__TASK__. Every line of the data should be written out exactly, with the pictures left out.

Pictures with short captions
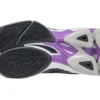 Mizuno Wave Lightning Z6 « Black Red Purple »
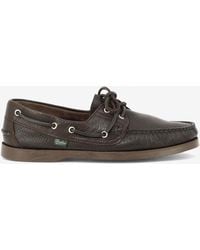Paraboot - Loafers - Lyst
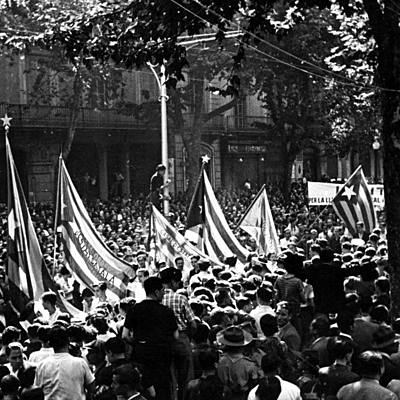 Timeline: Eix cronològic.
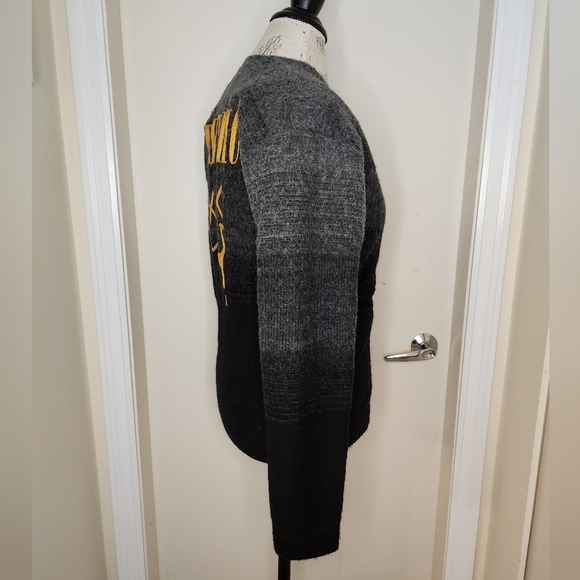 Hysteric Glamour Wool Nirvana Jacket - Picture 4 of 14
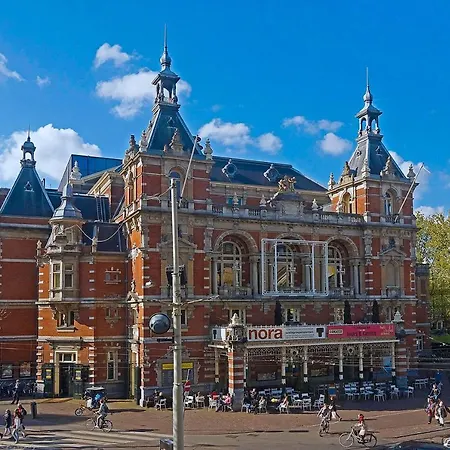 Leidse Square 5 Star Luxury Apartment Amsterdam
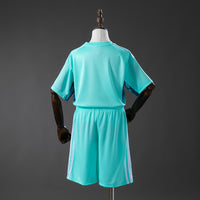 Alemanha Goleiro Infantil Kit Camisas 2028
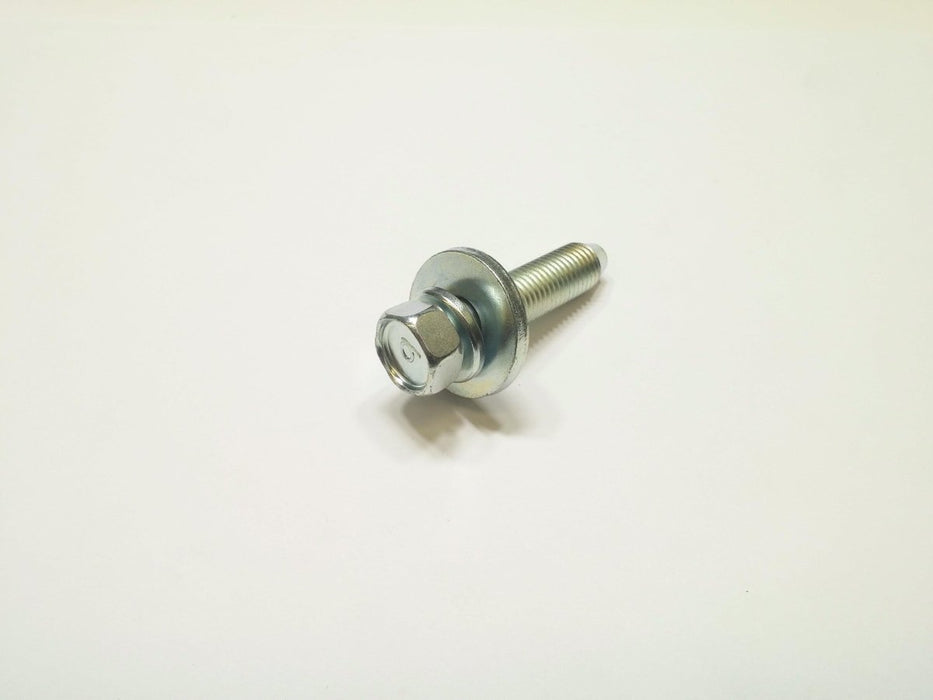 Subaru OEM Driveshaft Carrier Bearing to Chassis Bolt Most Subaru Models - 901250043 - Subimods.com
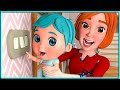 Mommy Makes Me Happy -Funny Songs -Baby songs - Nursery Rhymes &amp; Kids Songs -Viola Kids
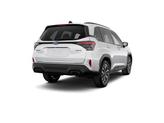 Thumbnail of 2025 Crystal White Pearl Subaru Forester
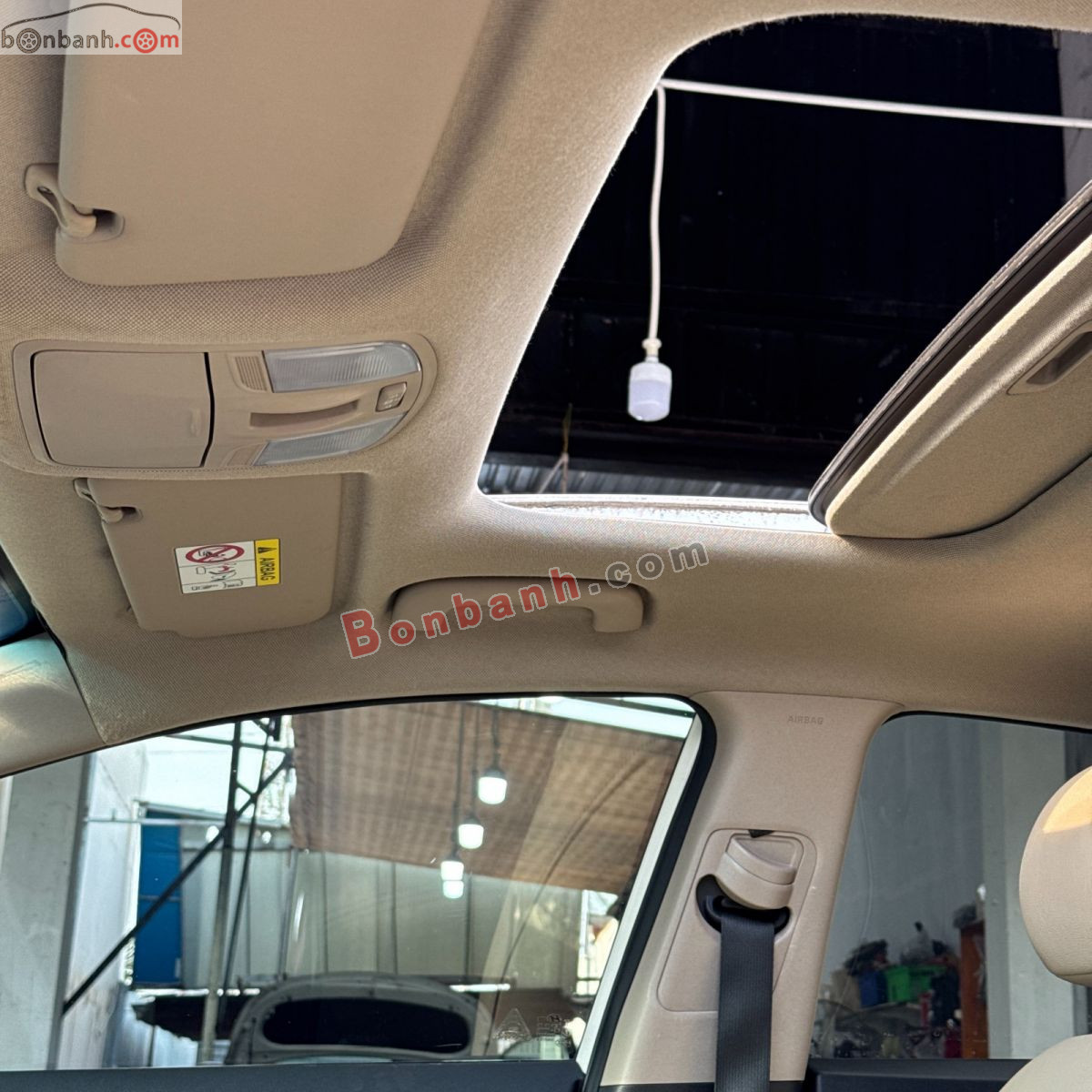 Bán ô tô Hyundai Elantra 2.0 AT - 2021 - xe cũ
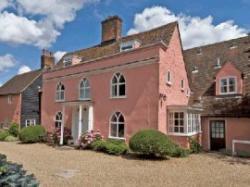 The Cottage Guest House, Bishops Stortford, Hertfordshire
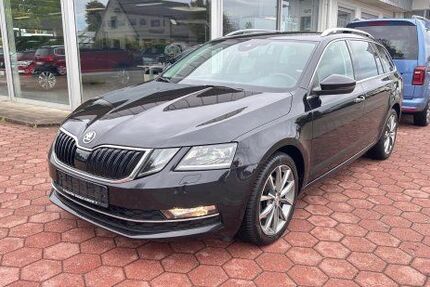 Skoda Octavia 109.500 km 15.690 &euro; Stuvenborn 24641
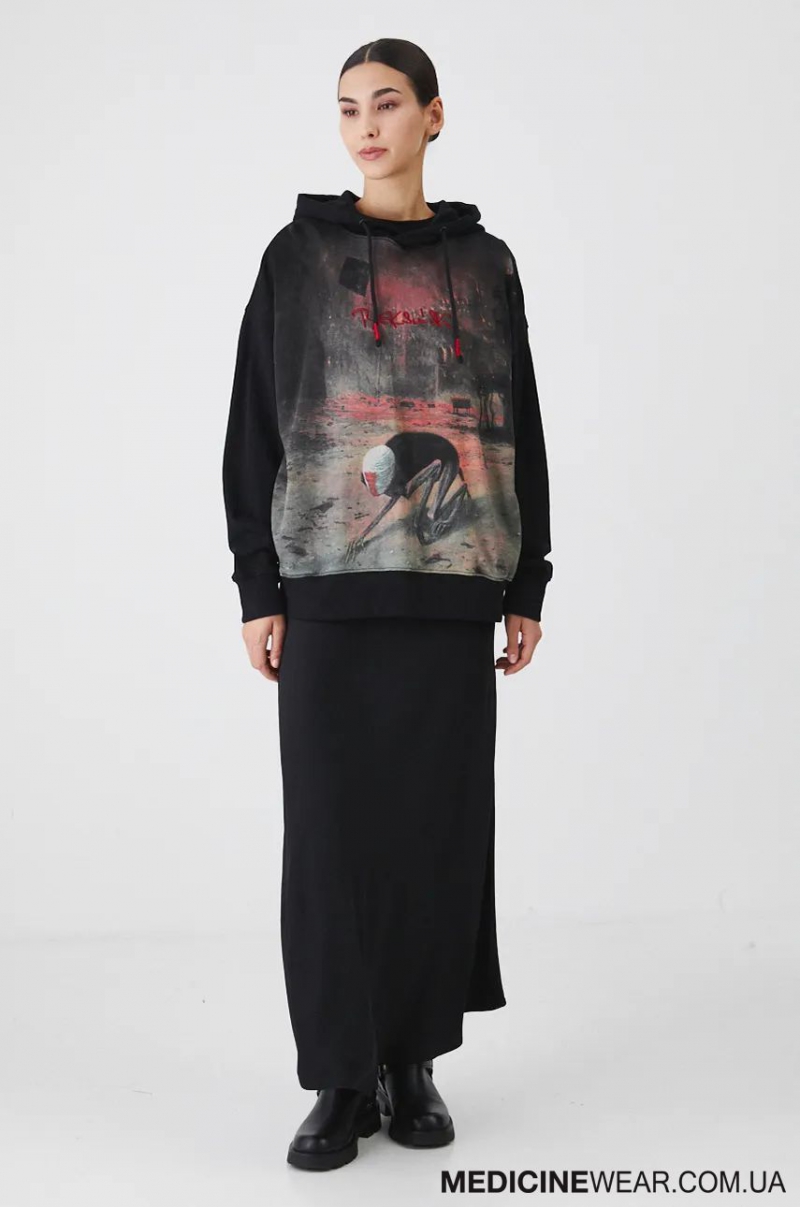 Блуза жіноча MEDICINE  RW24-BLD850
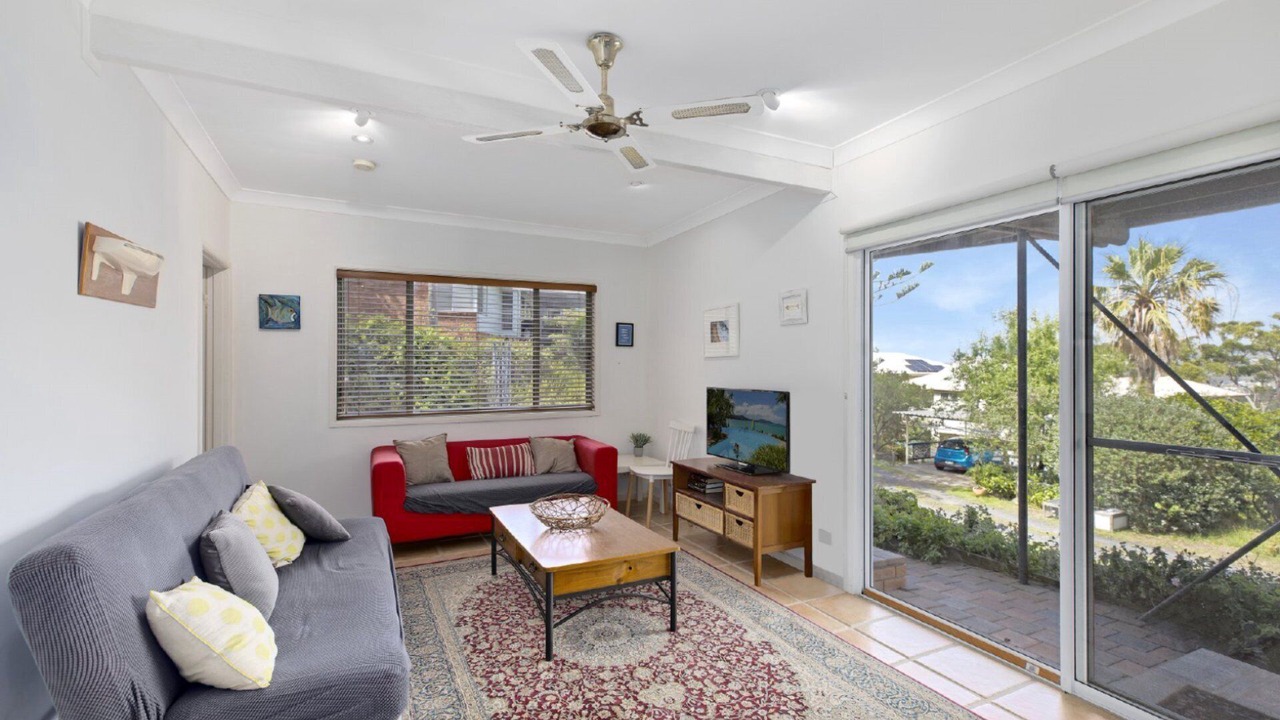 Photo of Livingroom in Copacabana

__REPLY__.
 Mizuno Wave Lightning Z6 « Black Red Purple »
Paraboot - Loafers - Lyst
 Timeline: Eix cronològic.
 Hysteric Glamour Wool Nirvana Jacket - Picture 4 of 14
 Leidse Square 5 Star Luxury Apartment Amsterdam
 Alemanha Goleiro Infantil Kit Camisas 2028
 Subaru OEM Driveshaft Carrier Bearing to Chassis Bolt Most Subaru Models - 901250043 - Subimods.com
 Mommy Makes Me Happy -Funny Songs -Baby songs - Nursery Rhymes &amp; Kids Songs -Viola Kids
 Thumbnail of 2025 Crystal White Pearl Subaru Forester
 Bán ô tô Hyundai Elantra 2.0 AT - 2021 - xe cũ
 The Cottage Guest House, Bishops Stortford, Hertfordshire
 Skoda Octavia 109.500 km 15.690 &euro; Stuvenborn 24641
 Блуза жіноча MEDICINE  RW24-BLD850
 Photo of Livingroom in Copacabana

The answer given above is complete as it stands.